The state of Rondônia in western Brazil — once home to 208,000 square kilometers of forest (about 51.4 million acres), an area slightly smaller than the state of Kansas — has become one of the most deforested parts of the Amazon. In the past three decades, clearing and degradation of the state’s forests have been rapid: 4,200 square kilometers cleared by 1978; 30,000 by 1988; and 53,300 by 1998. By 2003, an estimated 67,764 square kilometers of rainforest—an area larger than the state of West Virginia—had been cleared.

By the start of this satellite time series from the Moderate Resolution Imaging Spectroradiometer (MODIS) on NASA’s Terra satellite, the frontier had reached the remote northwest corner of Rondônia. Intact forest is deep green, while cleared areas are tan (bare ground) or light green (crops, pasture, or occasionally, second-growth forest). Over the span of 12 years, roads and clearings pushed west-northwest from Buritis toward the Jaciparaná River. The deforested area along the road into Nova Mamoré expanded north-northeast all the way to the BR-346 highway.

Deforestation follows a fairly predictable pattern in these images. The first clearings that appear in the forest are in a fishbone pattern, arrayed along the edges of roads. Over time, the fishbones collapse into a mixture of forest remnants, cleared areas, and settlements. This pattern follows one of the most common deforestation trajectories in the Amazon. Legal and illegal roads penetrate a remote part of the forest, and small farmers migrate to the area. They claim land along the road and clear some of it for crops. Within a few years, heavy rains and erosion deplete the soil, and crop yields fall. Farmers then convert the degraded land to cattle pasture, and clear more forest for crops. Eventually the small land holders, having cleared much of their land, sell it or abandon it to large cattle holders, who consolidate the plots into large areas of pasture.

Map of deforestation between 2008 and 2000.
deforestation palette

NASA map (large image) courtesy Robert Simmon and Reto Stöckli.

The estimated change in forested area between 2000 and 2008 is shown in this map (above) based on vegetation index data from MODIS. Places that are red lost vegetation, while places that are peach showed little or no change. The most intensely red areas indicate the biggest vegetation losses—usually the complete clearing of original rainforest. Less intense reds indicate less dramatic change, such as the complete clearing of an already logged forest, or a transition from leafy crops to sparser pasture grasses.
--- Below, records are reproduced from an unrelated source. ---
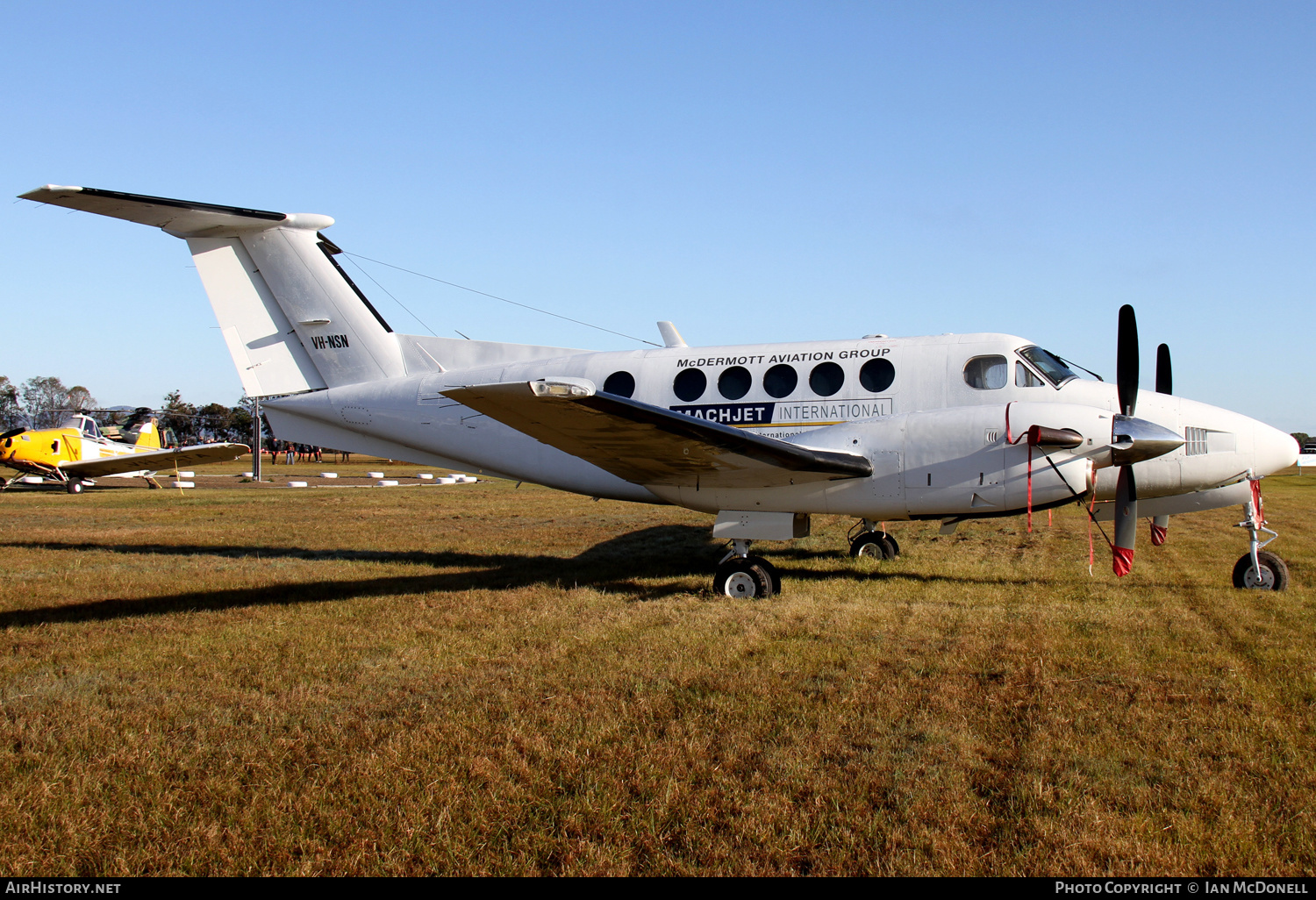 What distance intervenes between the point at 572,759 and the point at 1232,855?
9.95 ft

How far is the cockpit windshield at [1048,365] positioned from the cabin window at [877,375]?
4.99 ft

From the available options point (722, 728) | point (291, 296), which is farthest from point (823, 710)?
point (291, 296)

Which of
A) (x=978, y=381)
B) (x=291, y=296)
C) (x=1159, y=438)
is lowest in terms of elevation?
(x=1159, y=438)

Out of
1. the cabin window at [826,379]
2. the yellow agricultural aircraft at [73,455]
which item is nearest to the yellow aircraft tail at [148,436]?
the yellow agricultural aircraft at [73,455]

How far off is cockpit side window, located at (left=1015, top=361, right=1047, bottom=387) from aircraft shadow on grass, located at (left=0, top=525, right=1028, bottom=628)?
262 cm

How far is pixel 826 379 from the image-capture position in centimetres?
1030

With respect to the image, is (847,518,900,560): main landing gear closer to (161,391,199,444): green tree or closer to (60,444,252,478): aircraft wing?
(60,444,252,478): aircraft wing

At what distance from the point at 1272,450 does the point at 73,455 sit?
33385 millimetres

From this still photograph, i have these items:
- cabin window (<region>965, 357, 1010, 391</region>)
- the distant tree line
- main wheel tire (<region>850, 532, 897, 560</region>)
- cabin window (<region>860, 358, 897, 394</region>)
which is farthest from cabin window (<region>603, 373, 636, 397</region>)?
the distant tree line

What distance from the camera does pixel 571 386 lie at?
22.6 feet

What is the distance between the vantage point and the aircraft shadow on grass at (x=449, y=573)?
877cm

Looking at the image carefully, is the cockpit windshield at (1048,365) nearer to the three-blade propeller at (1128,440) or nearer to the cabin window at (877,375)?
the three-blade propeller at (1128,440)

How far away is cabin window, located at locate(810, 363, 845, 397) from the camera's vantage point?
10.2m

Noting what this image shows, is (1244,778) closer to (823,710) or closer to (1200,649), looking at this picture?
(823,710) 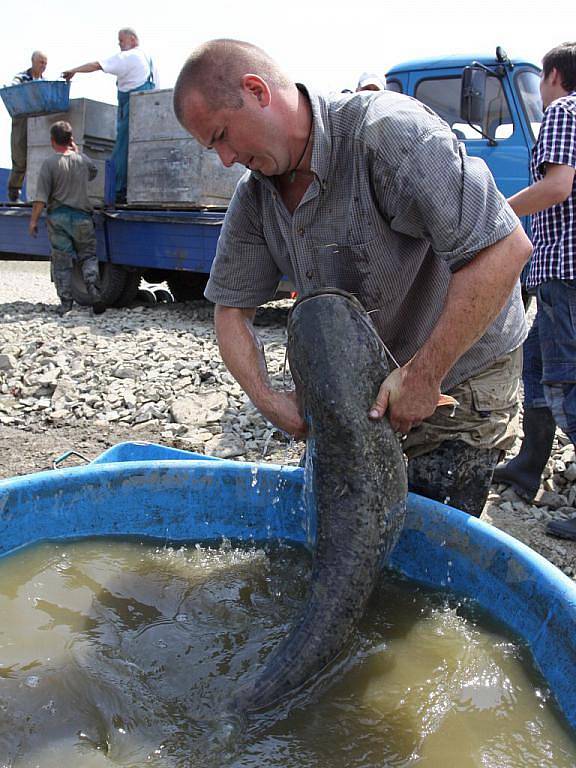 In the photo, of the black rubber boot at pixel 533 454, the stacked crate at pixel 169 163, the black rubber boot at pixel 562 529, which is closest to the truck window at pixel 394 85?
the stacked crate at pixel 169 163

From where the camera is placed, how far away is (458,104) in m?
7.58

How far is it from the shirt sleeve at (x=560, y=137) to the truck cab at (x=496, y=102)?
4044 millimetres

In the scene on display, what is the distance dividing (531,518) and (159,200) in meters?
7.04

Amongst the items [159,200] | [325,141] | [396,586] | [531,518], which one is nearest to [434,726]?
[396,586]

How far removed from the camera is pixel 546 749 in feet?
6.39

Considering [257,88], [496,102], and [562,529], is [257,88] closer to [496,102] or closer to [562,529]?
[562,529]

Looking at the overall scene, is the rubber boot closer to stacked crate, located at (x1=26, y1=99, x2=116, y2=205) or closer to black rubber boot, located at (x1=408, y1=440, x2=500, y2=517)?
stacked crate, located at (x1=26, y1=99, x2=116, y2=205)

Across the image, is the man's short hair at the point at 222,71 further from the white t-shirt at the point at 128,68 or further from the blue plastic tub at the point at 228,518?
the white t-shirt at the point at 128,68

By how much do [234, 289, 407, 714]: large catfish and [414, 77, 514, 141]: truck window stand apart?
6022mm

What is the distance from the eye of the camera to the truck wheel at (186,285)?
11.5 m

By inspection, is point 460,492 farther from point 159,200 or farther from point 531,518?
point 159,200

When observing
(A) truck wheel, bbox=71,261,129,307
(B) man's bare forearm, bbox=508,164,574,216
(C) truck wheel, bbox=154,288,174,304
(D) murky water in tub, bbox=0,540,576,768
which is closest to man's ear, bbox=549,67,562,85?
(B) man's bare forearm, bbox=508,164,574,216

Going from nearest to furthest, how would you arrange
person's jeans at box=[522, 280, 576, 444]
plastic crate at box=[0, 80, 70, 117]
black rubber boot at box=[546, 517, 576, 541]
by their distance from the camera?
person's jeans at box=[522, 280, 576, 444] → black rubber boot at box=[546, 517, 576, 541] → plastic crate at box=[0, 80, 70, 117]

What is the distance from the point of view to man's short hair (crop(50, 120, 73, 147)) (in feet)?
31.8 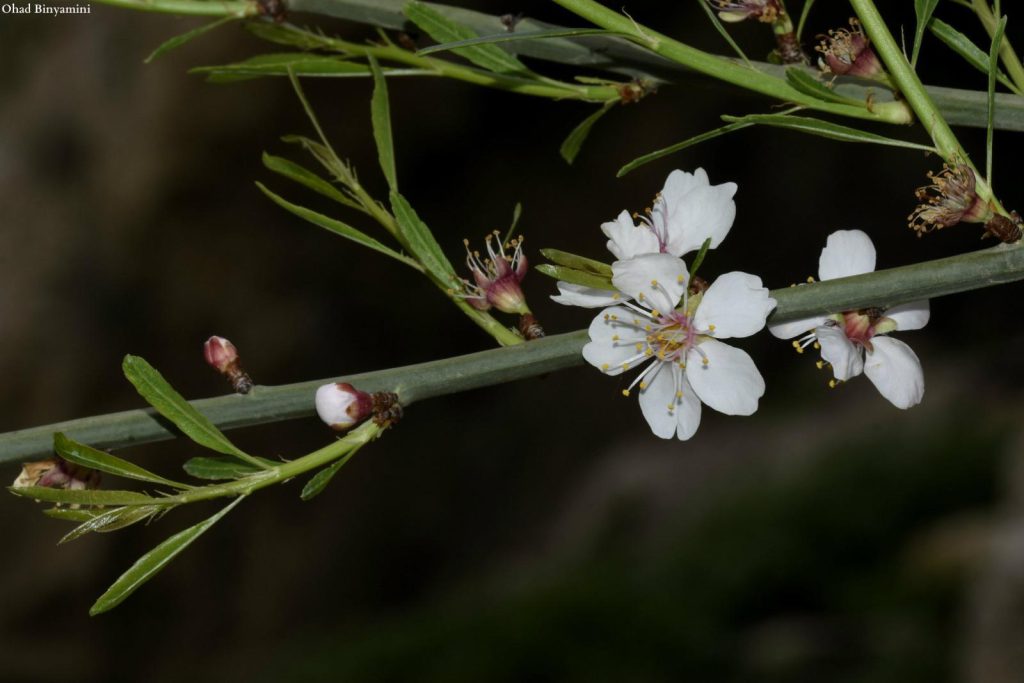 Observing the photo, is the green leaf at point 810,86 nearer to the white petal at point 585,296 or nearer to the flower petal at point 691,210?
the flower petal at point 691,210

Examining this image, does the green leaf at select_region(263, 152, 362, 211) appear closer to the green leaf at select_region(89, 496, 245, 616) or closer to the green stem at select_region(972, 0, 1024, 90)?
the green leaf at select_region(89, 496, 245, 616)

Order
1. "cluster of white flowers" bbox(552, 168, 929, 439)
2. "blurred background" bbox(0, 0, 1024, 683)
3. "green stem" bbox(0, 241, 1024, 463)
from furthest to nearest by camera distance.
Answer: "blurred background" bbox(0, 0, 1024, 683) < "cluster of white flowers" bbox(552, 168, 929, 439) < "green stem" bbox(0, 241, 1024, 463)

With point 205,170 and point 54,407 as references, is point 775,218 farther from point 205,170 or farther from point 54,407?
point 54,407

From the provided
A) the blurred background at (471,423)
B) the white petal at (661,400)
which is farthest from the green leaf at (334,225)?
the blurred background at (471,423)

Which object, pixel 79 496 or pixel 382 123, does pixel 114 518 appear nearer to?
pixel 79 496

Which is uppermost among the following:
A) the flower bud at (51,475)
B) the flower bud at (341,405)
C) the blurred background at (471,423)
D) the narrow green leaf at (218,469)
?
the blurred background at (471,423)

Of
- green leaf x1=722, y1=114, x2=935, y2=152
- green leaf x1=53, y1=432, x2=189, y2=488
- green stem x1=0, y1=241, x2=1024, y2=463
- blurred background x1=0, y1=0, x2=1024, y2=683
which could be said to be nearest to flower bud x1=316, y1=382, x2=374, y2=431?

All major tropical forests—including those in the Americas, Africa, Southeast Asia, and Indonesia—are disappearing, mostly to make way for human food production, including livestock and crops. Although tropical deforestation meets some human needs, it also has profound, sometimes devastating, consequences, including social conflict and human rights abuses, extinction of plants and animals, and climate change—challenges that affect the whole world.